Entre tantos casos terríveis de violência contra a mulher ocorrendo no país, mais um caso ganhou repercussão na mídia, no mês de julho: Pamella Gomes de Holanda sofreu agressões por parte de seu marido, Iverson Araújo, conhecido como DJ Ivis, enquanto carregava sua filha de apenas nove meses no colo, diante de sua mãe e de outro homem presente no local. O vídeo foi divulgado nas redes sociais de Pamella no último dia 11 de julho, e teve grande repercussão entre a população e os veículos de mídia, além do pronunciamento de repúdio de diversos artistas.

Fonte: MMFDH / Arte: Eduarda Garcia

Pamella Holanda (Foto: Reprodução / Instagram)

Vale destacar que, em apenas 24 horas de repercussão do caso, o DJ Ivis recebeu mais de 140 mil seguidores em sua página do Instagram. Este fato causou uma grande revolta em muitas pessoas que se pronunciaram sobre este aumento de seguidores, repudiando o apoio que estaria sendo dado a ele, e não à vítima, Pâmela. Iverson Araújo finalmente foi preso em 14 de julho e todos os seus pedidos de habeas corpus foram negados. Pamella contou que sofria agressões desde que estava grávida, mas que nunca buscou ajuda por medo de seu então marido e por dependência financeira. De acordo com dados divulgados pelo FBSP do ano de 2020, em 80% dos lares brasileiros onde houve uma tentativa de feminicídio com arma de fogo ou uma faca, as vítimas eram mães e, provavelmente, seus filhos presenciaram as cenas de agressões.

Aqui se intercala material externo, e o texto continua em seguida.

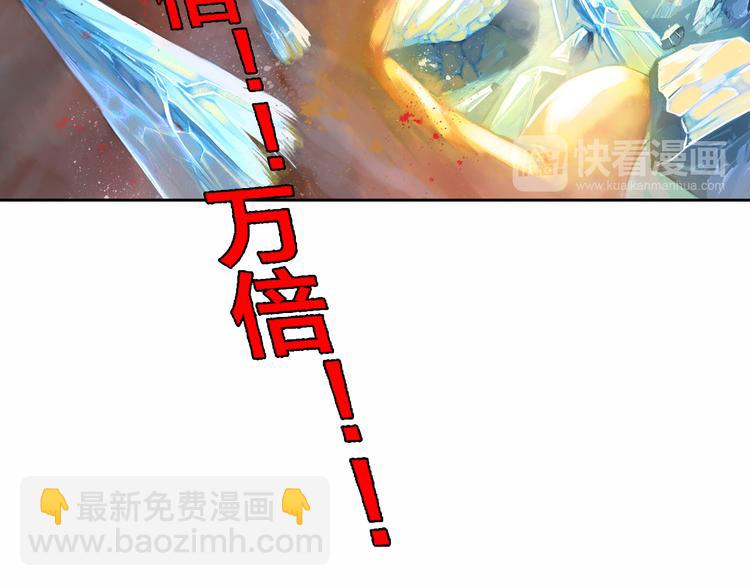 🍔龍少年 第9话 神的奥秘（下） 第38页
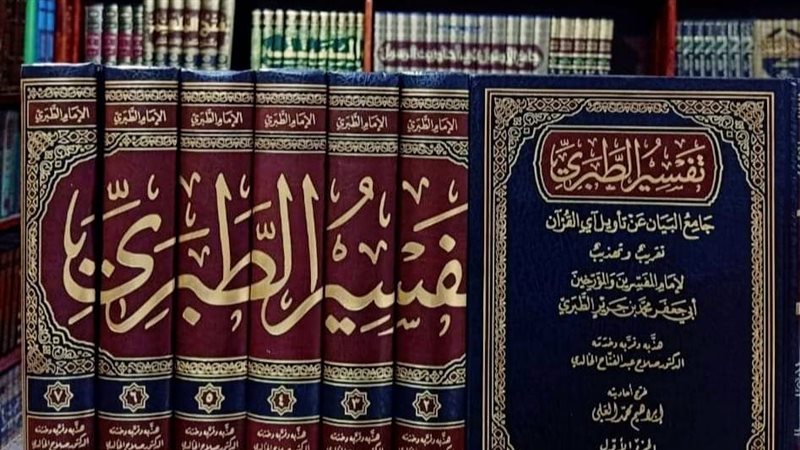 تفسير الطبري 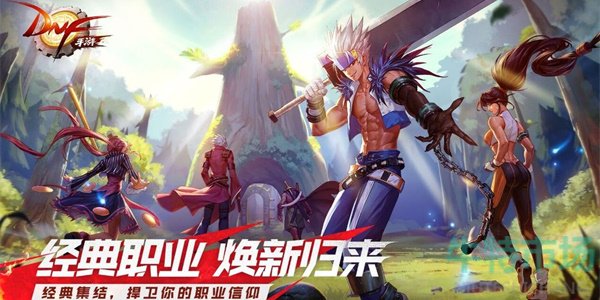 《地下城与勇士起源》转甲方法介绍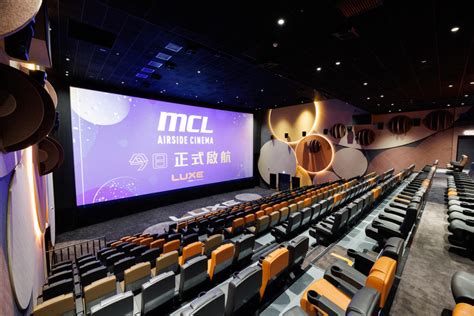 附近戲院|MCL Cinema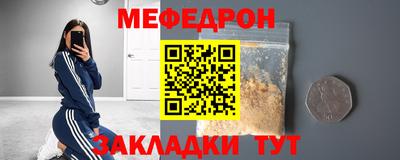 молекула духа Дубна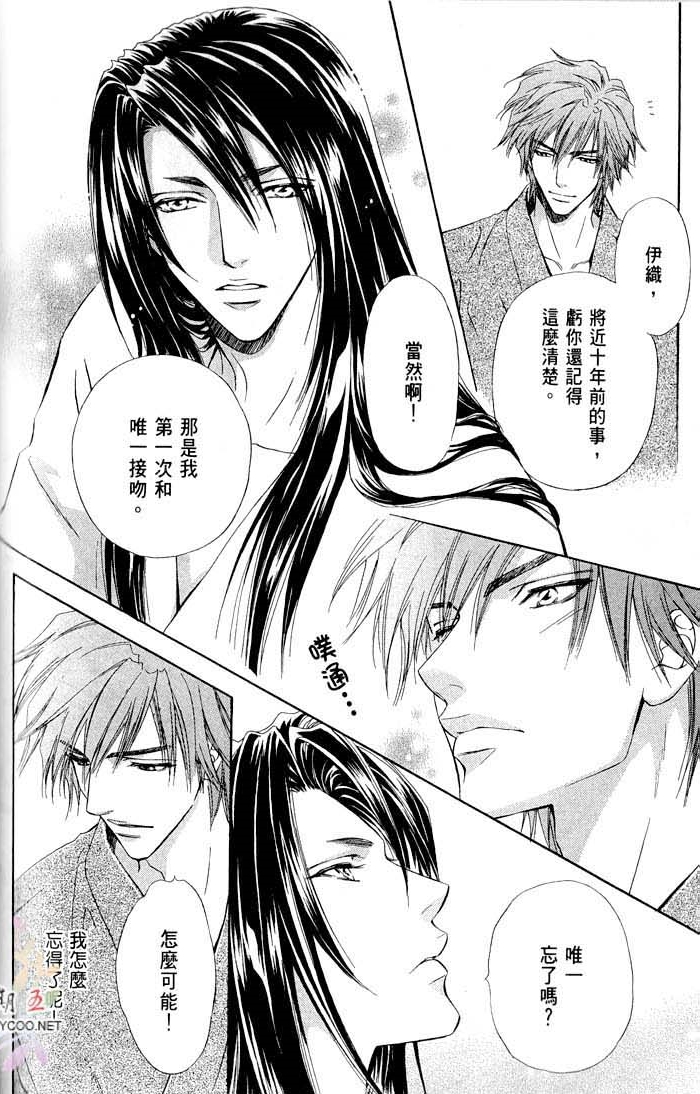 密约 全一话 第88页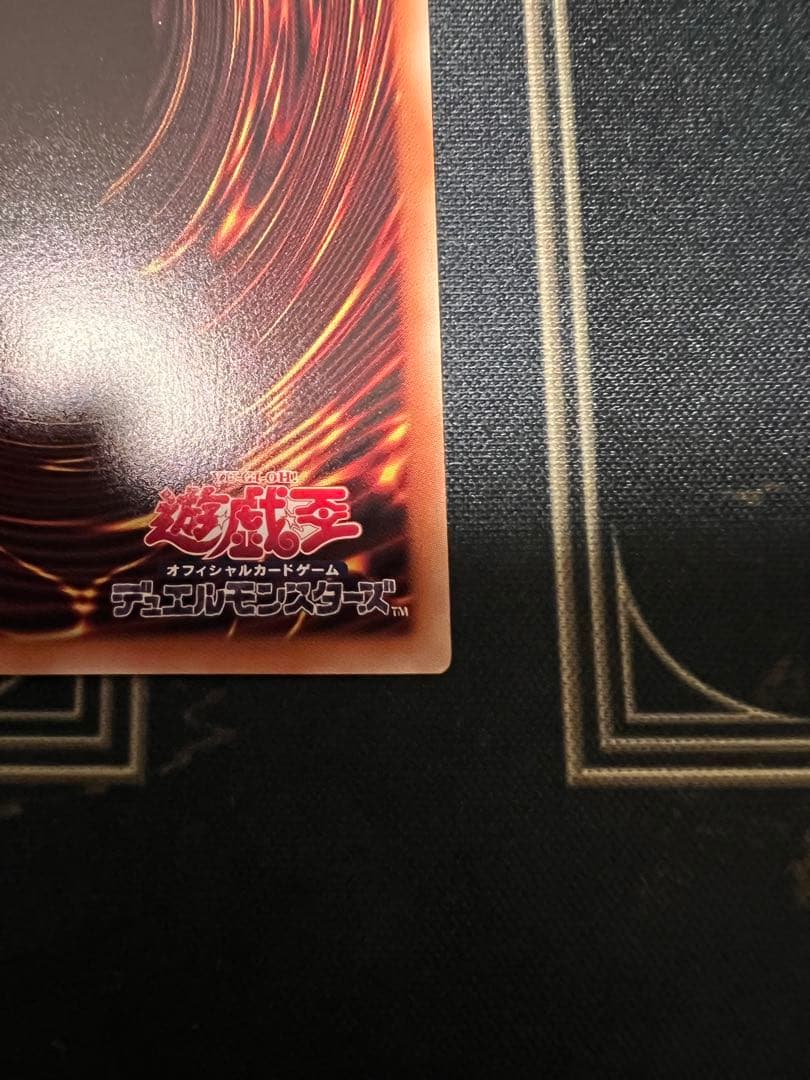 遊戯王　珠の御巫フゥリ　絵違い　ウルトラパラレル　美品　日版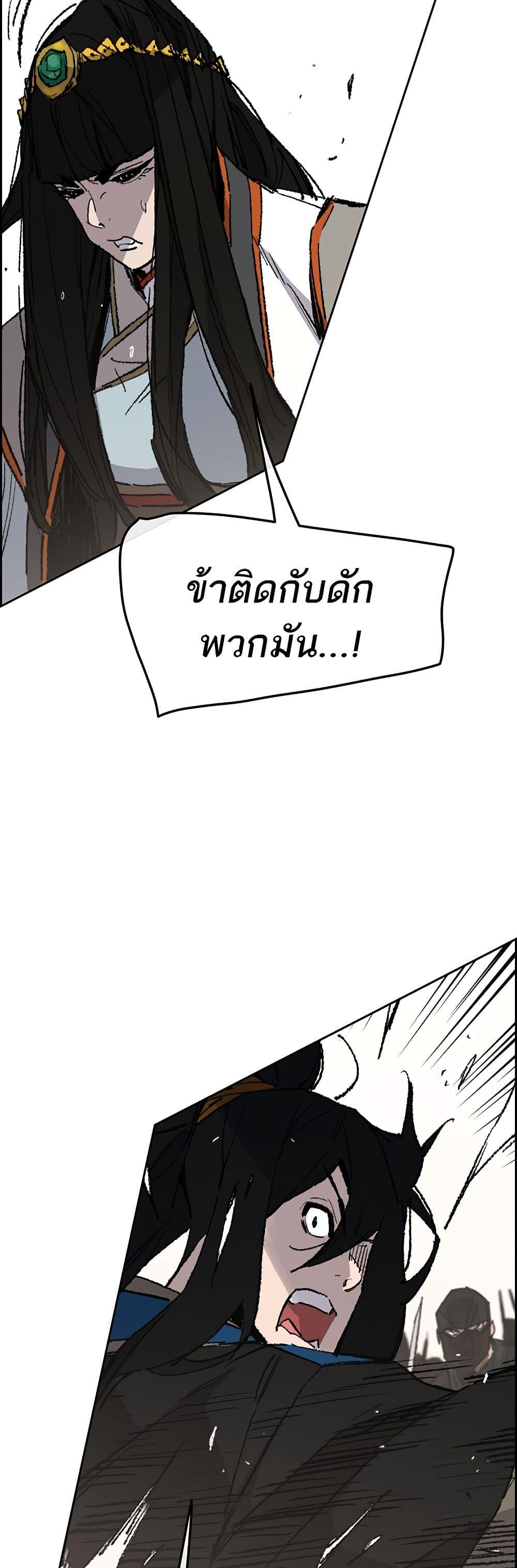 Manga-lc-com อ่านมังงะ อ่านการ์ตูน ออนไลน์ ฟรี The Undefeatable Swordsman ตอนที่ 1 2 3 4 5 6 7 8 9 10 11 12 13 14 ฟรี ไม่มีโฆษณา Manga-lc - อ่าน มังงะ อ่าน การ์ตูน ออนไลน์ อ่านมังงะ ฟรี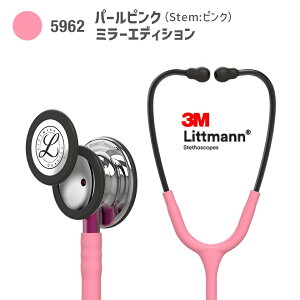 yKizbg}@NVbNIII5962(sN)p[sN GfBVf NVbN3 Littmann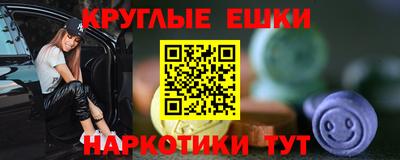 кристаллы Волжск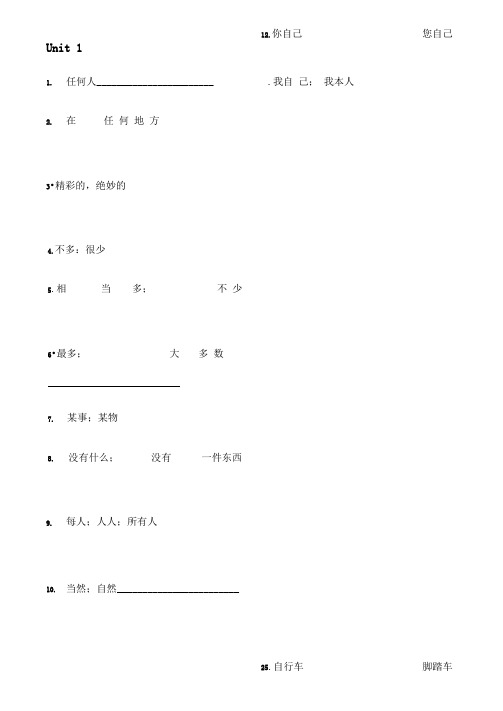 2018年新版人教版新目标八年级上英语单词默写表(校对)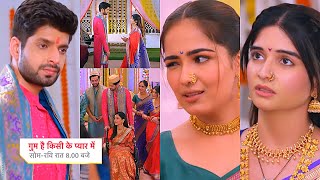 Ghum Hai Kisikey Pyaar Meiin Today Episode Promo 14 Nov 2024 Rajat se sab happy Savi khush naseeb [upl. by Higinbotham742]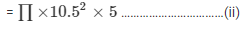 Surface Area and Volume Exercise 16.1(Part-2) - Class 10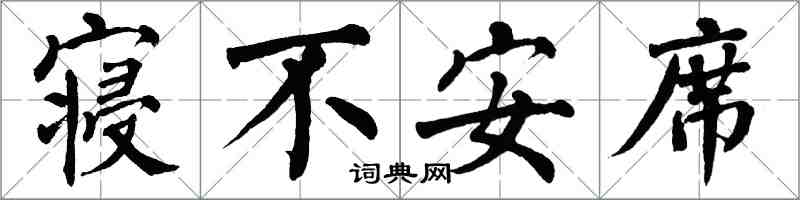 翁闓運寢不安席楷書怎么寫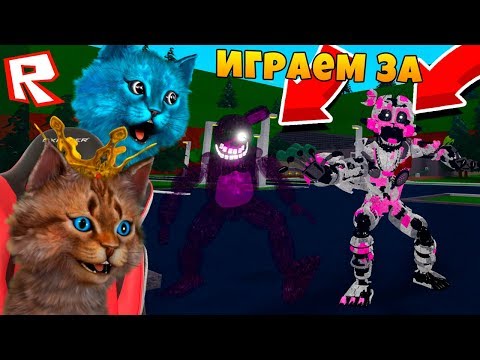 Видео: ИГРАЮ ЗА АНИМАТРОНИКА / ФНАФ 3D ПУГАЮ ОХРАННИКА / КООП FNAF ROBLOX КОТИК ИГРОМАН И КОТЁНОК ЛАЙК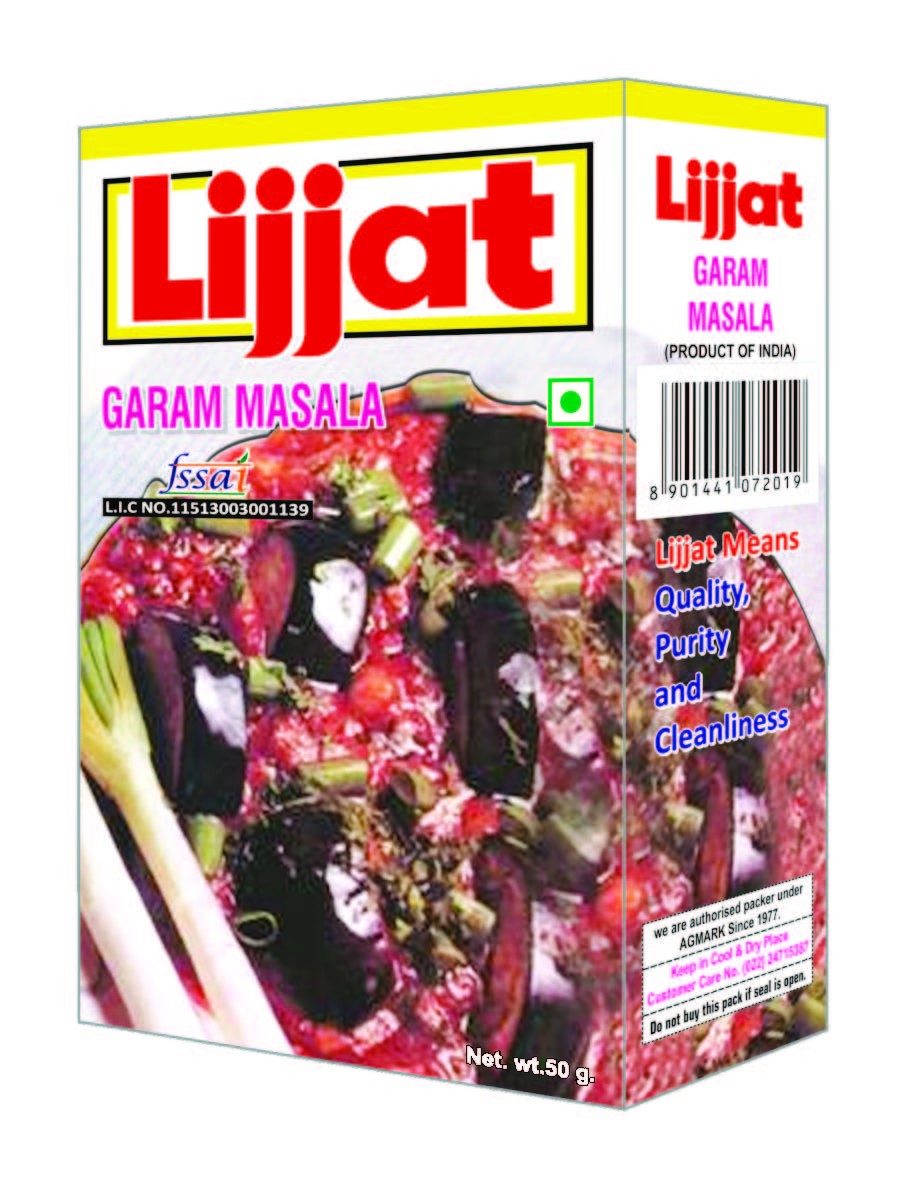 Garam Masala 10g - 1kg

Pamella Holanda (Foto: Reprodução / Instagram)

O Censo é fundamental e é a única forma de informação sobre a situação de vida da população em cada um dos municípios e localidades do País. Ele tem a finalidade de identificar e revelar como vivem os brasileiros, produzindo informações imprescindíveis para a definição de políticas públicas. Mas embora a violência contra a mulher não seja uma categoria censitária no Censo Demográfico, o estudo Estatísticas de gênero: indicadores sociais das mulheres no Brasil, publicado em 2019, pelo IBGE, revela informações importantes para análise das condições de vida das mulheres no País.

 

De acordo com o estudo, em 2019, as mulheres se dedicaram mais aos cuidados de pessoas ou afazeres domésticos, quase o dobro de tempo que os homens (21,4 horas contra 11,0 horas). Embora na Região Sudeste as mulheres dedicassem mais horas a estas atividades (22,1 horas), a maior desigualdade se encontrava no Nordeste, região onde Maria* mora com seu marido e filha. Maria* vende “quentinhas” para ajudar no sustento da família, que hoje sobrevive com a renda do que é comercializado. “Tenho muitas dívidas de água e luz, estamos desempregados. Faço quentinhas e meu marido sai pra tentar vender e com os altos custos e o pouco lucro só conseguimos pagar o que comemos”, lamentou.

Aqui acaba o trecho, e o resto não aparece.